Ukrayna gerilimin tırmanmasıyla birlikte Batılı ülkeler arasında liderler düzeyinde yürütülen yoğun diplomasi trafiğinde Erdoğan'ın yer almaması dikkat çekiyor. ABD Başkanı Joe Biden, Ukrayna krizini görüşmek üzere pazartesi günü Almanya, Fransa, İngiltere, İtalya ve Polonya liderleri ile yaptığı video konferans görüşmesine, tıpkı daha önce yaptığı benzeri görüşmelerde olduğu gibi, Erdoğan'ı dahil etmedi. NATO'nun en büyük ordularından birine sahip olan, Karadeniz'e kıyısı bulunan ve gelişmelerden en çok etkilenen ülkelerden olan Türkiye'nin bu toplantıya davet edilmemesi, dikkat çekici bulunuyor.

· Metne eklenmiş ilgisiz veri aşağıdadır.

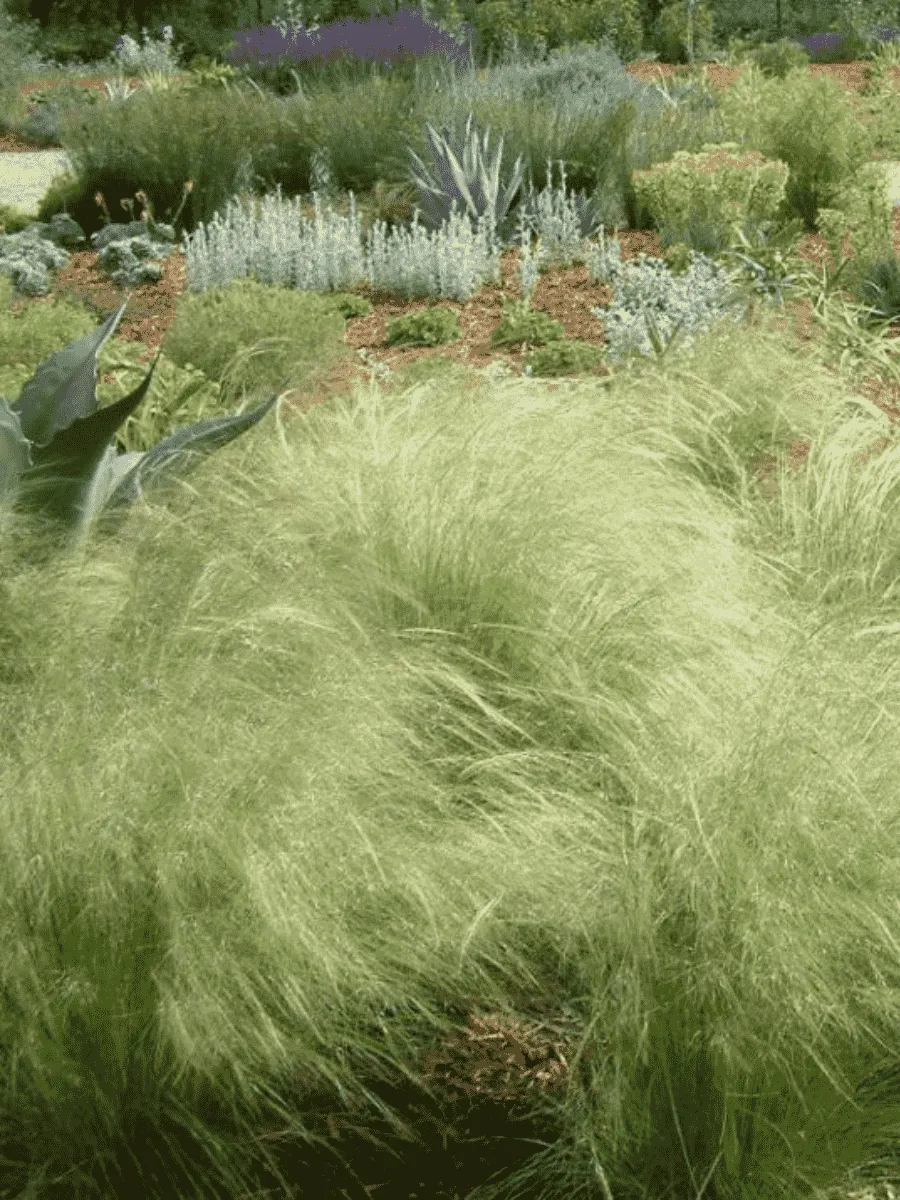 Ковыль тончайший Пушистое Облако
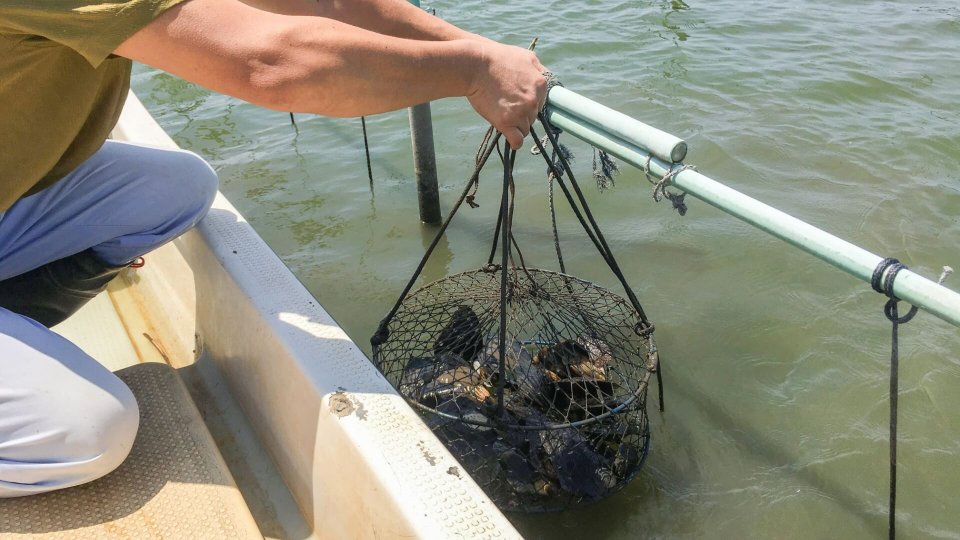 ⑤母貝【3年間】西の湖の漁場で3年間、20cm程度になるまで育てます。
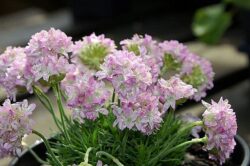 Armeria juniperifolia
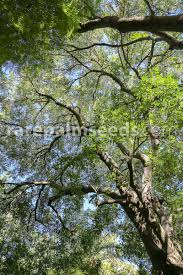 Image result for Cunonia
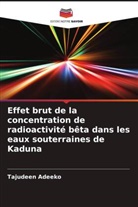 Tajudeen Adeeko - Effet brut de la concentration de radioactivité bêta dans les eaux souterraines de Kaduna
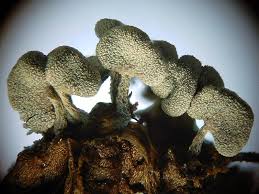 Attēlu rezultāti vaicājumam “Physarum compressum”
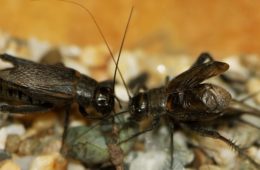 how to get rid of crickets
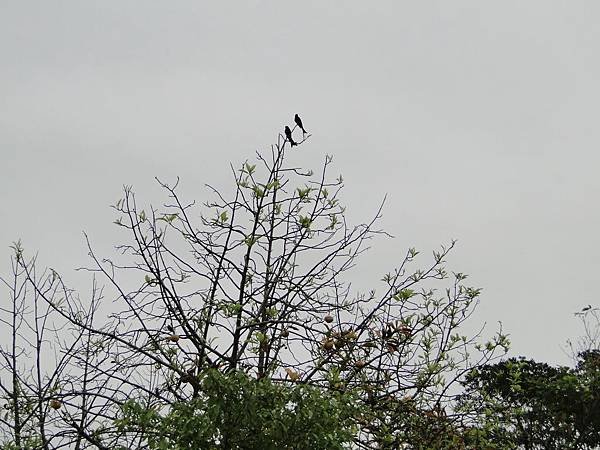 DSC05805.JPG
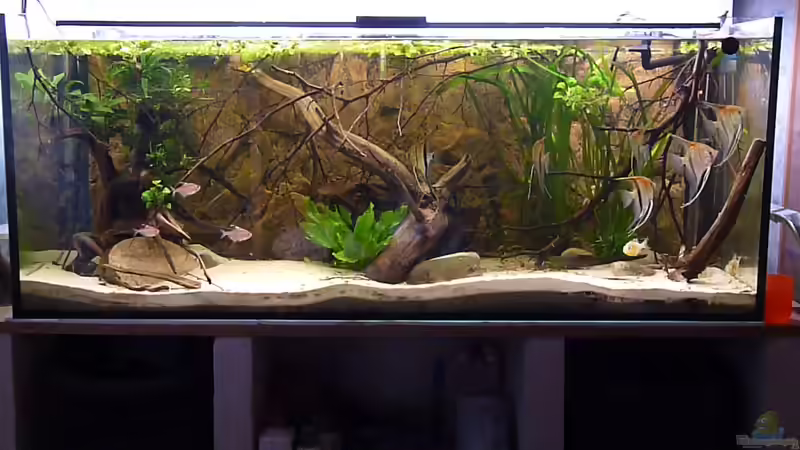 Altes Layout von DerImperator (3)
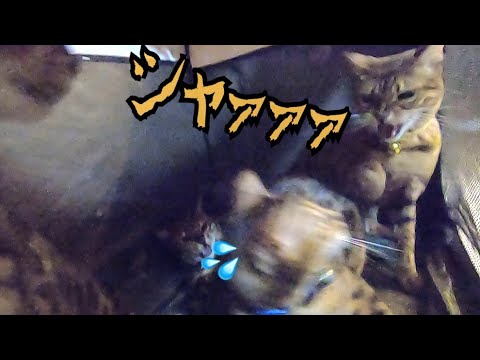猫詰め失敗！ニャイコパスがケージ内で暴君してます(YouTube)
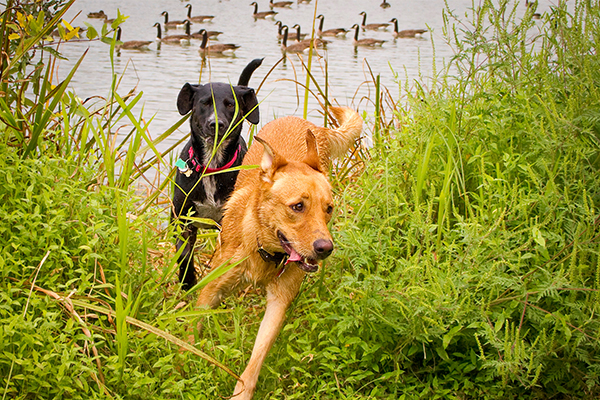 Dogs chasing with Canada geese in background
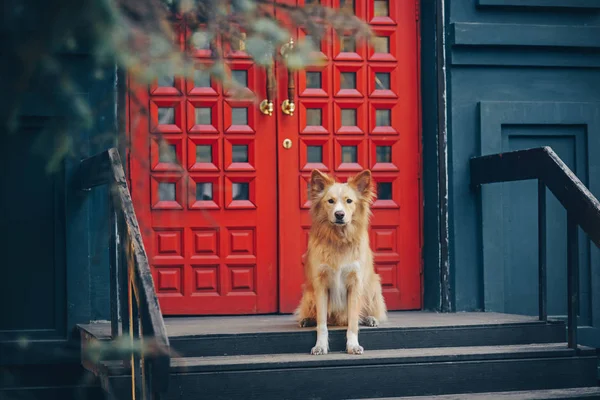 Yellow dog sitting on background of the red doors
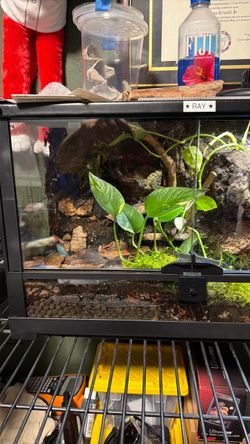 TERRARIUM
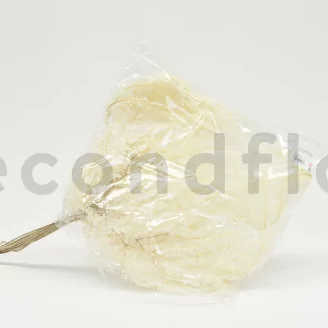 Preserved Mountain Fern Large White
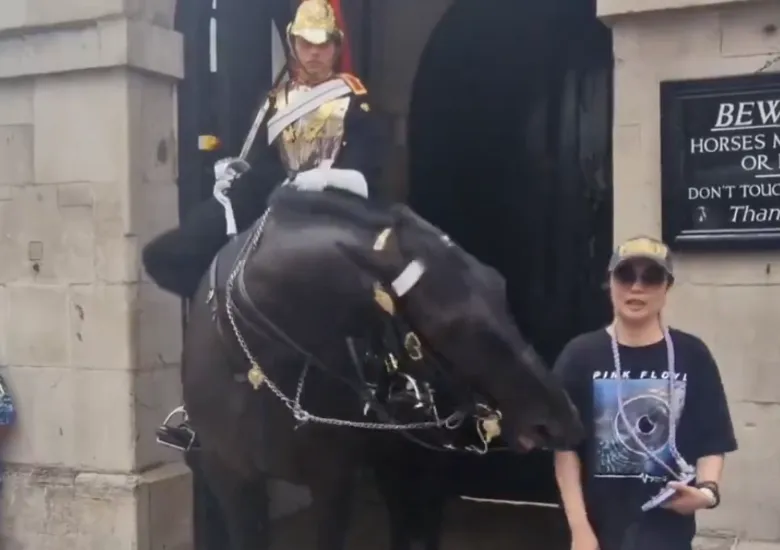 Turista caballo de la Guardia Real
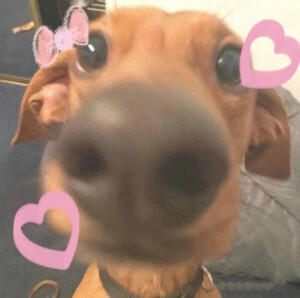 小狗小猫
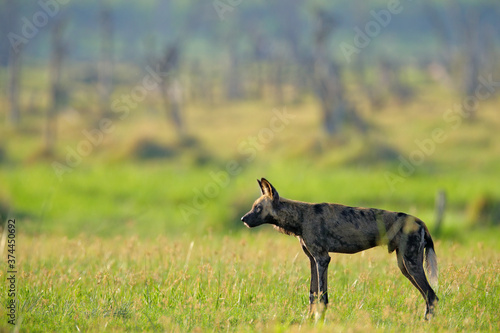 Hunting painted dog on African safari. Wildlife scene from nature. African wild dog, walking in the green grass, Okacango deta, Botswana, Africa. Dangerous spotted animal with big ears.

Erdoğan'ın son yıllarda, Putin ile yakın diyalogu, Rusya ile savunma sanayi alanındaki işbirliği adımları, Batılı ülkelerle çıkardığı krizler, tartışmalı dış politika hamlelerinin bunda etkili olduğu belirtiliyor. Batılı gözlemciler, ABD yönetimi ve müttefiklerinin, Erdoğan ile Putin arasındaki yakın diyaloğa kuşkuyla yaklaştıklarını belirtirken, bunun Türkiye'ye yönelik mesafeli tavrı da beraberinde getirdiğini dile getiriyorlar.
Türkiye ve Rusya, Libya'dan Suriye'ye ve Kafkaslara uzanan bir çok ihtilaf bölgesinde rekabet içinde olsalar da, çoğu zaman aralarında uzlaşma arayarak nüfuzlarını korumaya devam etmeye çabalıyor, özellikle de ABD ve diğer batılı ülkelerin bu coğrafyalarda etkide bulunmasını önlemeye çalışıyorlar. Hem Putin hem Erdoğan'ın, Batı karşıtı söylemlerinin benzeştiği, ülkelerini yönetme şeklinin de Batı'nın liberal demokratik ilkeleriyle çatıştığı vurgulanıyor.
ABD yönetiminin Erdoğan'a mesafeli tutumunda, Türkiye'de son dönemde artan anti-demokratik uygulamalar ve Erdoğan'ın yönetim anlayışının giderek Putin'le benzeşmesinin de etkili olduğu ifade ediliyor.
Rusya Devlet Başkanı Putin'in ise Türkiye'nin Batılı müttefikleriyle sorunlar yaşamasından memnuniyet duyduğu, Moskova-Ankara hattında zaman zaman yaşanan gerilimlere rağmen Erdoğan ile diyaloğunu koparmamaya özen gösterdiği, bu yolla NATO'yu zayıflatmayı umduğu yorumları yapılıyor.